Copy exactly every line below, from the first through the one that contains "Petits Trésors nº 13", and skip all pictures.

RECORDS FOR PROCESSING section start

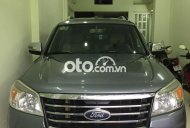 Ford Everest Limited 2009 - Xe Ford Everest Limited 2009, màu xám còn mới giá 380 triệu tại Tp.HCM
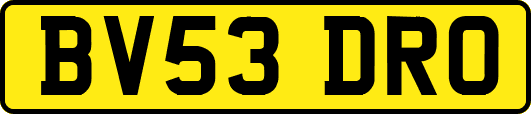 BV53DRO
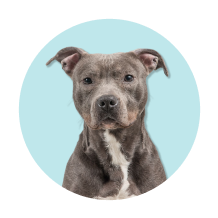 Produtos para cães de porte grande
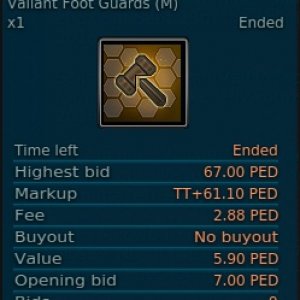 Valiant Foot Guard Sold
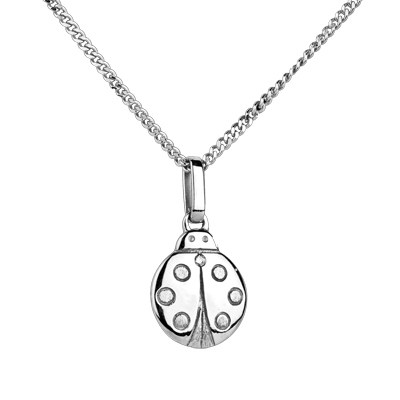 Petits Trésors nº 13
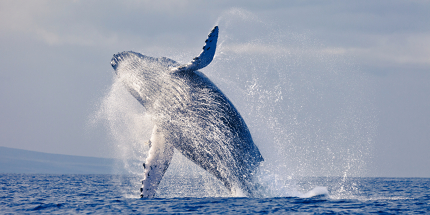 Why did one man miss out on sighting a rare humpback whale?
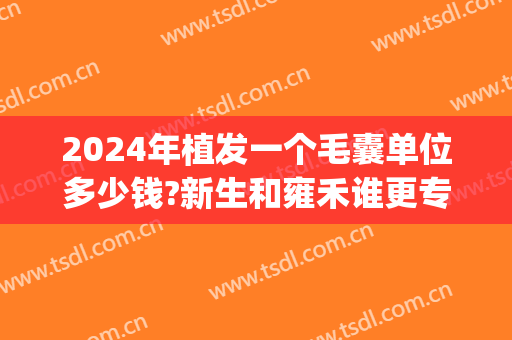 2024年植发一个毛囊单位多少钱?新生和雍禾谁更专业一点?(成都植发多少钱一个毛囊单位)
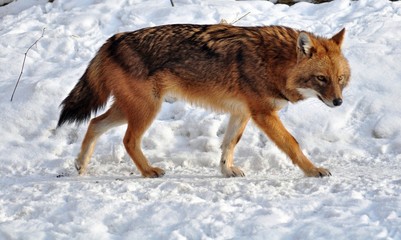 The jackal in the snow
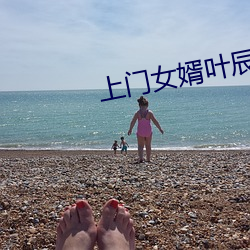 上门女婿叶辰小说 （不挠不折）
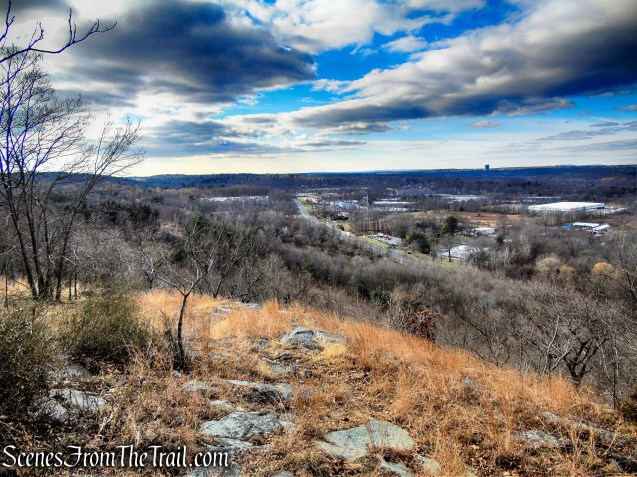 view from Blue Trail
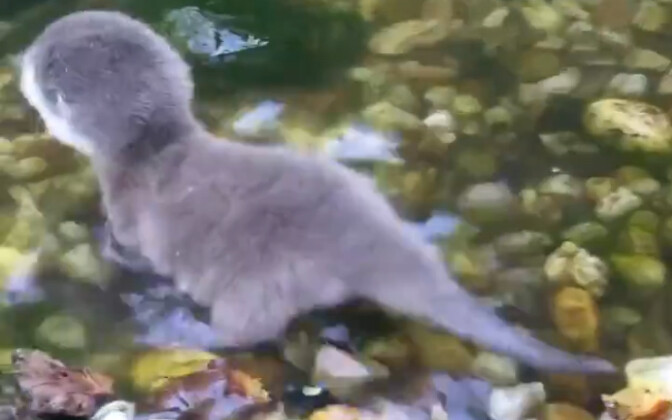 Plush Dinosaur’s First Swim | Not a Pet—You Can’t Keep One!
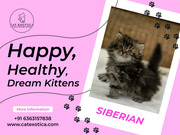 Buy Cats for Sale Online in Bangalore | Persian Kittens in bangalore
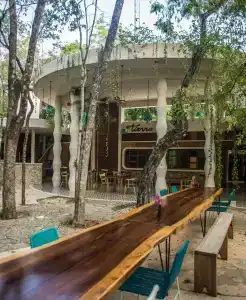 Holistika Tulum - 20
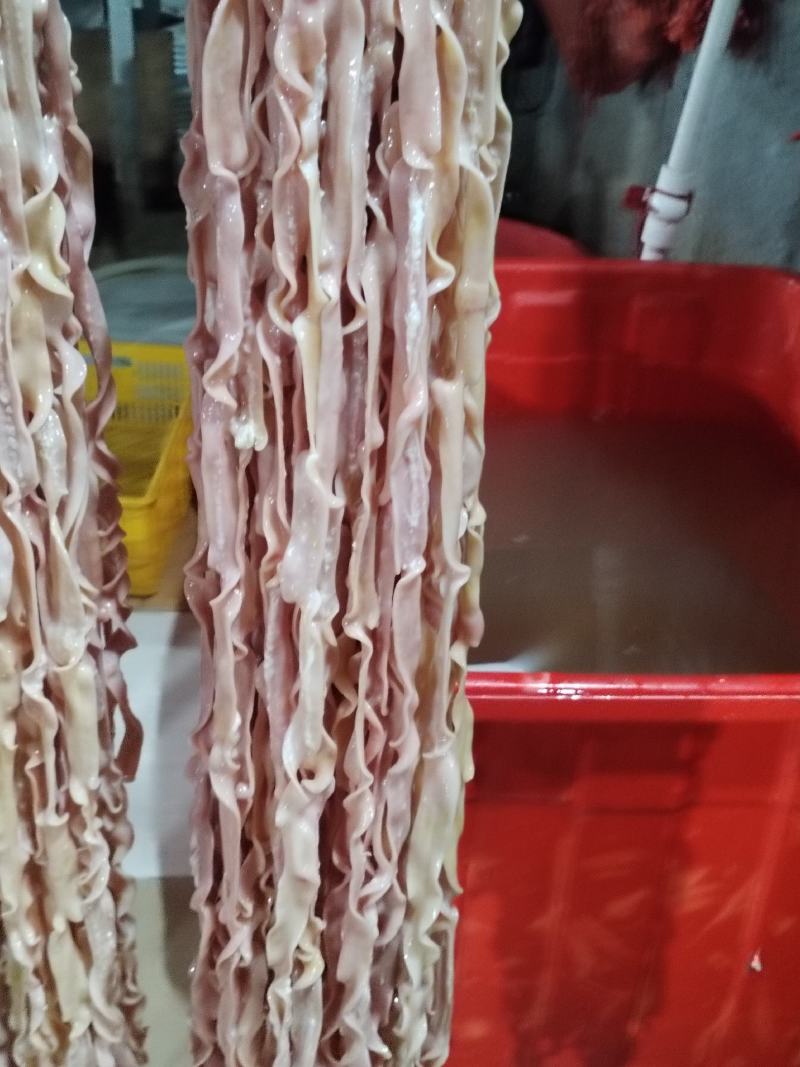 鲜鸭肠常年有货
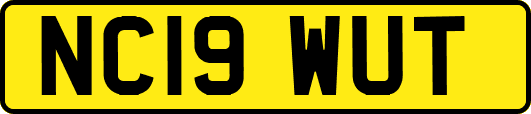 NC19WUT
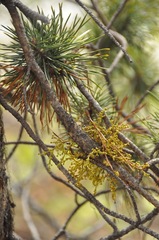 Arceuthobium americanum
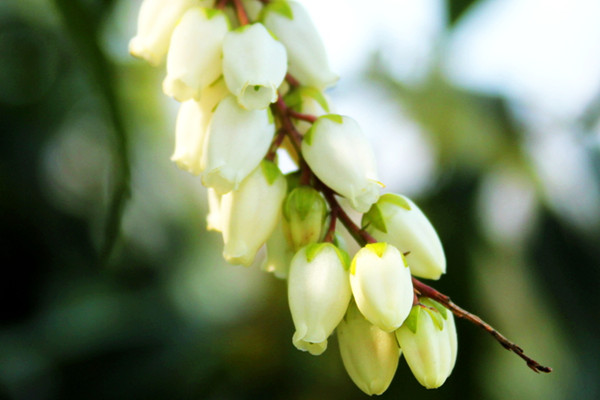 马醉木会开花吗 马醉木会开花吗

RECORDS FOR PROCESSING section end

(ANSWER SPACE):
 Ford Everest Limited 2009 - Xe Ford Everest Limited 2009, màu xám còn mới giá 380 triệu tại Tp.HCM
 BV53DRO
 Produtos para cães de porte grande
 Valiant Foot Guard Sold
 Petits Trésors nº 13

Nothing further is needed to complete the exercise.